Can I use value_type on an instance of the vector, not on its type

Question

while playing and trying to calculate total size of vector I tried something like

vector<double> vd;
auto area = vd.size()* sizeof (vd::value_type); 
//Ive seen Stepanov use area as name for this kind of size, idk if he adds the sizeof vd also to area :)

Unfortunately this doesnt work... I need to use vector<double>::value_type but that makes code less readable. Can it be made to work? I dont like sizeof vd.front() because it just looks ugly to write front() for this.
EDIT: decltype variants also fit in what I would call ugly category...

Answer 1

I think decltype can be used:

auto area = vd.size() * sizeof(decltype(vd)::value_type);

as you are using auto I assume C++11 is permitted.

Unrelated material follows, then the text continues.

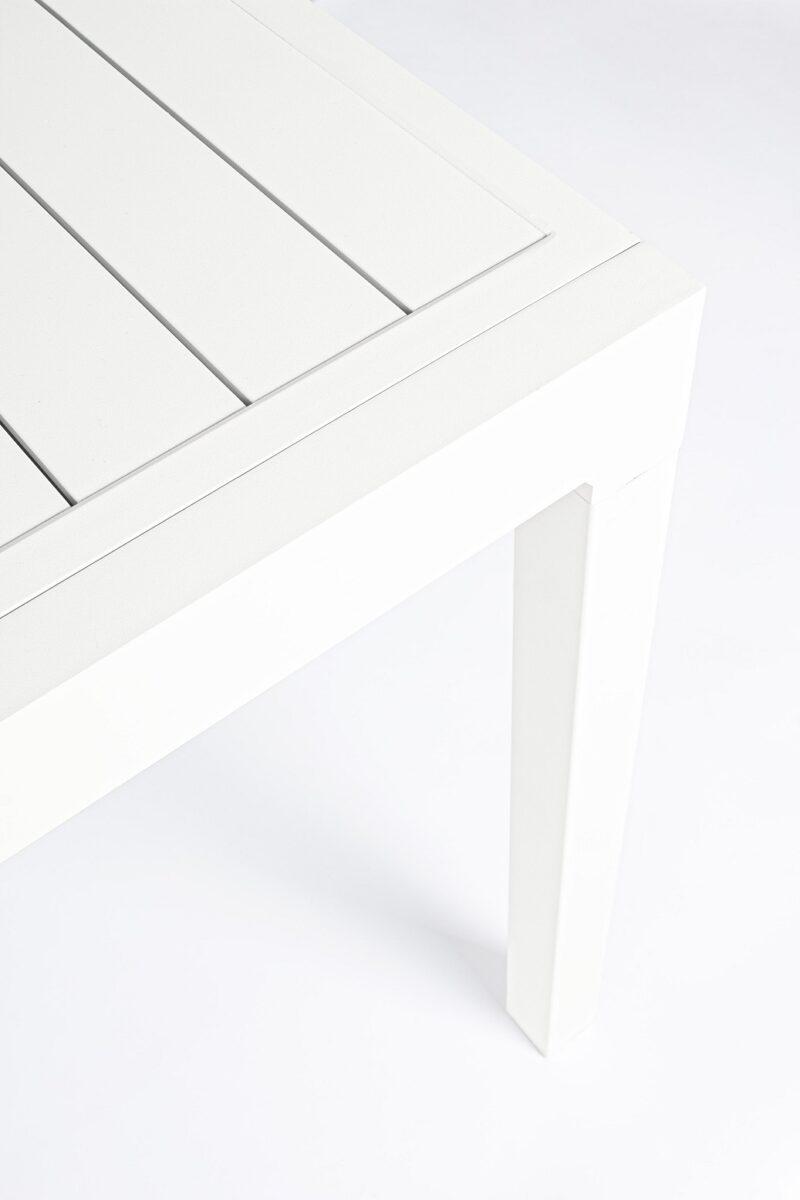 Pelagius - Mesa de exterior de 135 Blanca Ext. a 270 cm - Imagen 6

Confirmed with g++ v4.7.2 and clang v3.3.

Answer 2

How about a simple helper function?

template <typename Container>
size_t value_size(const Container &)
{
    return sizeof(typename Container::value_type);
}

[...]

vector<double> vd;
auto area = vd.size() * value_size(vd);

You could even overload the function so that it works with other containers such as arrays (of course, you would need to wrap size as well).

Ideally, the entire computation could be wrapped into a generic function:

template <typename Container>
size_t area(const Container &c)
{
    return c.size() * sizeof(typename Container::value_type);
}

//possible overload for arrays (not sure it's the best implementation)
template <typename T, size_t N>
size_t area(const T (&arr)[N])
{
    return sizeof(arr);
}

[...]

std::vector<double> vd;
auto vd_area = area(vd);
double arr[] = { 1., 2. };
auto arr_area = area(arr);

Answer 3

In C++11, you could use decltype(vd[0]) :

auto area = vd.size()* sizeof (decltype(vd[0])); 

But in the particular scenario, you could just write this:

auto area = vd.size()* sizeof (vd[0]); 

Since the expression inside sizeof (and decltype too) will not be evaluated, both will work even if vd is empty.